Exercise:
All lines from the one containing "Maltese puppy for sale in Illinois" through the last line of the listing below are to be copied exactly. Exclude the pictures.

Start of Data to use

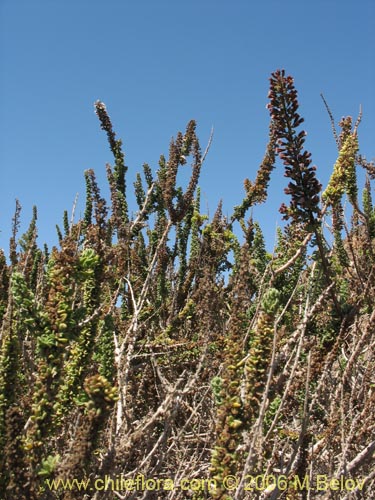 Imágen de Ophryosporus triangularis (). Haga un clic para aumentar parte de imágen.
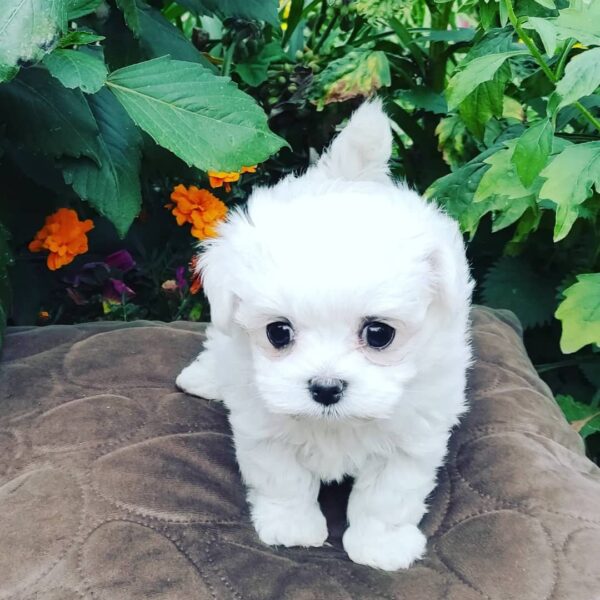 Maltese puppy for sale in Illinois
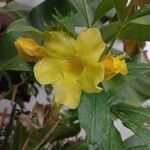 Allamanda catharticaFlor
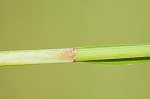 Brownish beaksedge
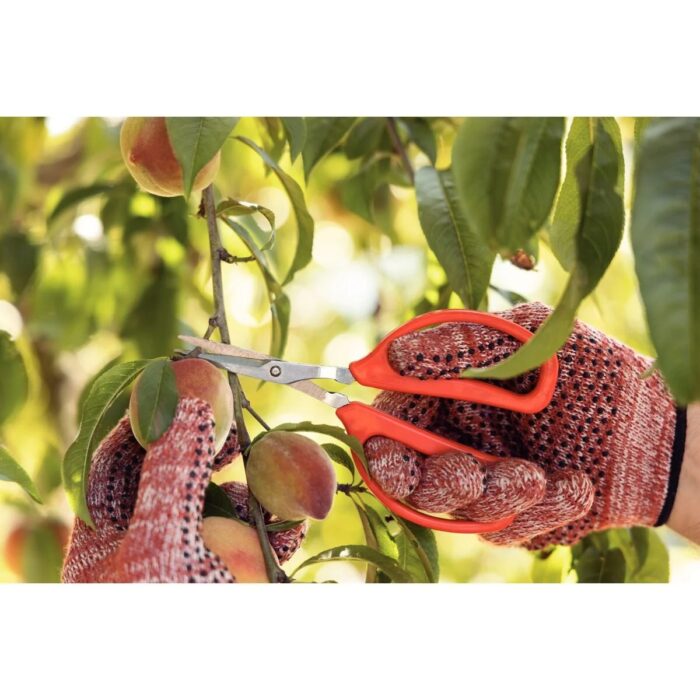 TESOURA PARA FRUTAS METALICA PROFISSIONAL COM CABO PLASTICO TRAMONTINA - Imagem 3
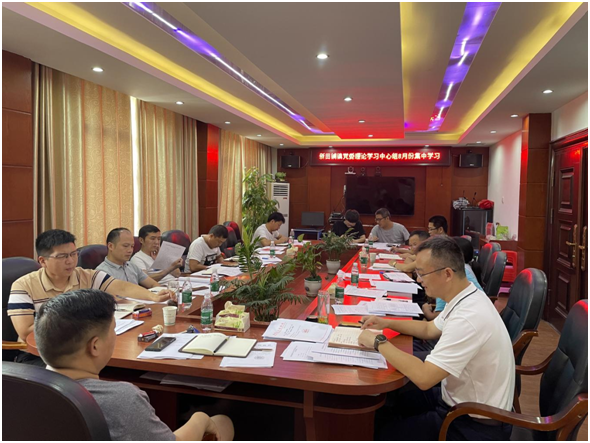 新田铺镇党委理论学习中心组开展8月中心组学习(图1)
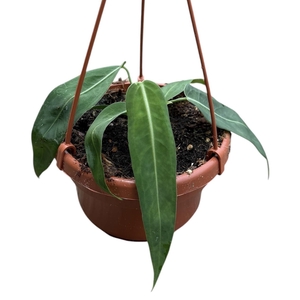 Anthurium pallidiflorum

End of Data to use

Answer to the exercise:
 Maltese puppy for sale in Illinois
 Allamanda catharticaFlor
 Brownish beaksedge
 TESOURA PARA FRUTAS METALICA PROFISSIONAL COM CABO PLASTICO TRAMONTINA - Imagem 3
 新田铺镇党委理论学习中心组开展8月中心组学习(图1)
 Anthurium pallidiflorum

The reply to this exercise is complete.